Home Ingezonden ‘Amateuristische podiumkunsten’ in Vughtse Raad

‘Amateuristische podiumkunsten’ in Vughtse Raad

Wie de laatste weken enigszins de Vughtse ‘cultuurnota’-commentaren gevolgd heeft, zal zich op zijn minst verbaasd hebben over wat op de commissievergadering van 3 december te horen was. Met name over het voormalige door de gehele Raad gedragen standpunt over ‘professionele podiumkunsten’ in Vught en meer specifiek in Theater de Speeldoos. Tot nu toe was het afgemeten en onwrikbare standpunt van de Raad: geen subsidie voor die cultuurvorm, ondanks allerlei inhoudelijke argumenten die daar juist voor zouden pleiten. Hoe is het mogelijk dat D’66, SP en CDA nu ineens wel bereid zijn eventueel die professionele podiumkunsten, zij het bescheiden, te subsidiëren. Hun eerdere standpunt – december 2018 en april 2019 luidkeels uitgesproken in de Raadsvergaderingen – wordt nu verdedigd door te wijzen op het vermeende ‘misbruik’ van subsidiegelden door het oude Speeldoosbestuur. U herinnert zich ongetwijfeld nog wel de fractievoorzitster van D’66 die het had over ‘miljoenen euro’s’ subsidie die in de loop van de jaren onterecht gebruikt waren voor die professionele kunst. Volkomen onterecht dat verwijt en absoluut niet aangetoond, maar toch. Het is overigens maar hoe je het bekijkt: als je accommodatie-subsidie toekent aan Theater de Speeldoos, dan geef je indirect natuurlijk ook subsidie aan het gebouw waarin die professionele podiumkunsten plaatsvinden. Maar als je zelf als gemeente in het verleden gevraagd hebt om ook professionele podiumkunsten in het gebouw te programmeren, dan wringt dat toch een beetje.
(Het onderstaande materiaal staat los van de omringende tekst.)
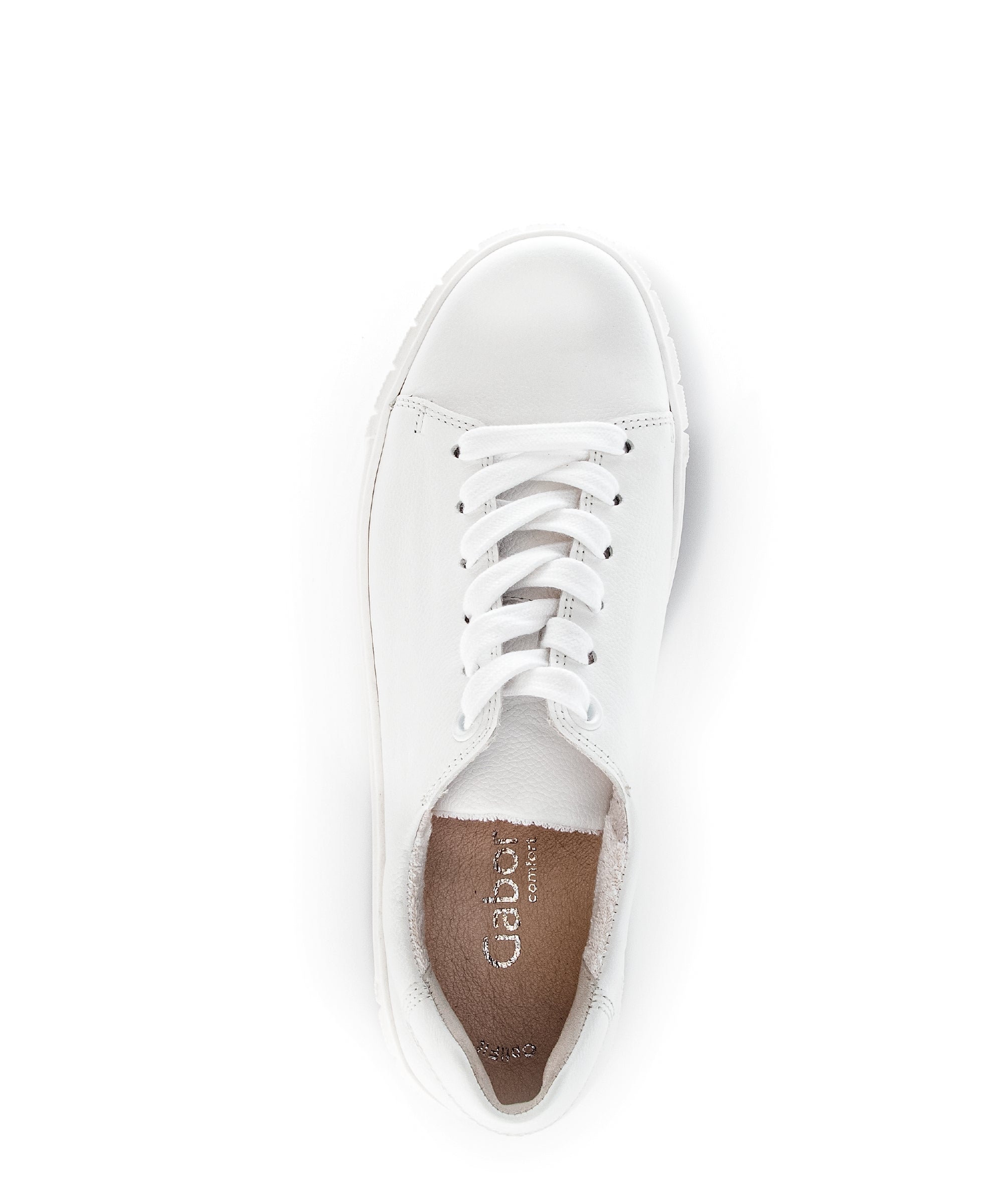 '76.410.50' women's wide fit (H) lace-up sneaker - White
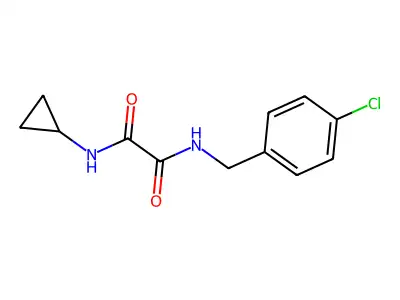 N-[(4-chlorophenyl)methyl]-N'-cyclopropyloxamide structure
En ja, het staat me nog bij hoe alle fracties bij uitzendingen van de lokale omroep en in de pers van alles uit de kast haalden om de overbodigheid van professionele podiumkunsten in Theater de Speeldoos aan te tonen: ‘ze’ (= de inwoners van Vught) kunnen net zo goed naar Den Bosch, Tilburg en Eindhoven, de voorstellingen zijn lang niet altijd uitverkocht, er komen veel te veel niet-Vughtenaren naar die voorstellingen etc. Het is verleidelijk om een hele reeks tegenargumenten op te sommen, zoals onder andere veel meer de bereikbaarheid voor de minder mobiele oudere en jongere Vughtenaren, de bijdrage aan cultuur-educatie van jongeren die de muziekschool bevolken, het imago van Vught als gastvrije gemeente met een totaalpakket aan voorzieningen etc.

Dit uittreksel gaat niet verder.